I have to admit, I wasn’t always as positive and upbeat as I am now. I used to see the glass as half empty most, if not all, the time. What changed was that when I reached an all time low back in 2009 I had no choice but to accept that my pessimistic outlook was contributing to my depression and was very destructive for me. Although not everyone who is pessimistic becomes depressed, having a negative bias never enhances our life – in fact, quite the opposite!

 

Activities such as reading or watching the news, gossiping or even suspecting the worst outcome in situations leads us to have a cloudy outlook even though our life conditions may be perfectly sunny.
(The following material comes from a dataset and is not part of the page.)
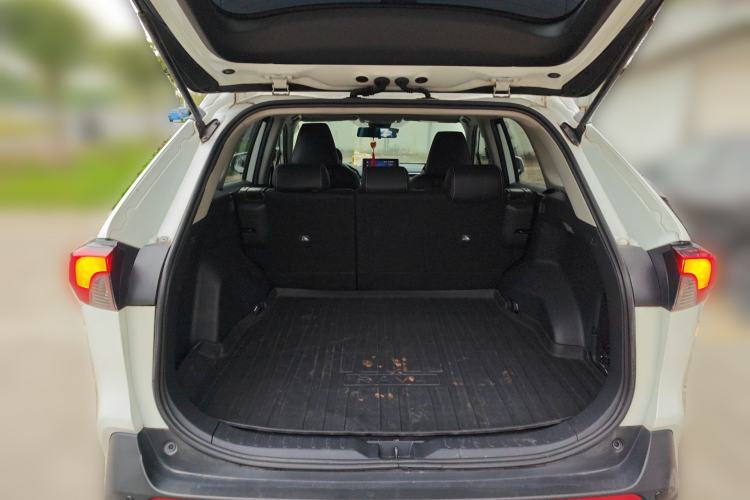 Used Toyota RAV4 2022 Dual-Engine 2.5L E-CVT Two-Wheel Drive Elite Edition Trunk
Negativity can become such an ingrained habit that even when things are going well for us we treat the positive developments in our lives with suspicion and distrust, looking instead for what could go wrong.

 

The danger is that the more innately negative we are, the more likely we are setting ourselves up for negative outcomes. For example, if I wanted to start my own business and had a negative outlook, I might work really hard still but I would more than likely predict that the venture was unlikely to succeed, leading me  to be less inclined to persevere and more inclined to give up sooner than say, an optimist would. It becomes a sort of self-fulfilling prophesy, a tragic playing out of our own created expectations. But can we ever really change from a negative to a positive bias? Ab-sol-utely!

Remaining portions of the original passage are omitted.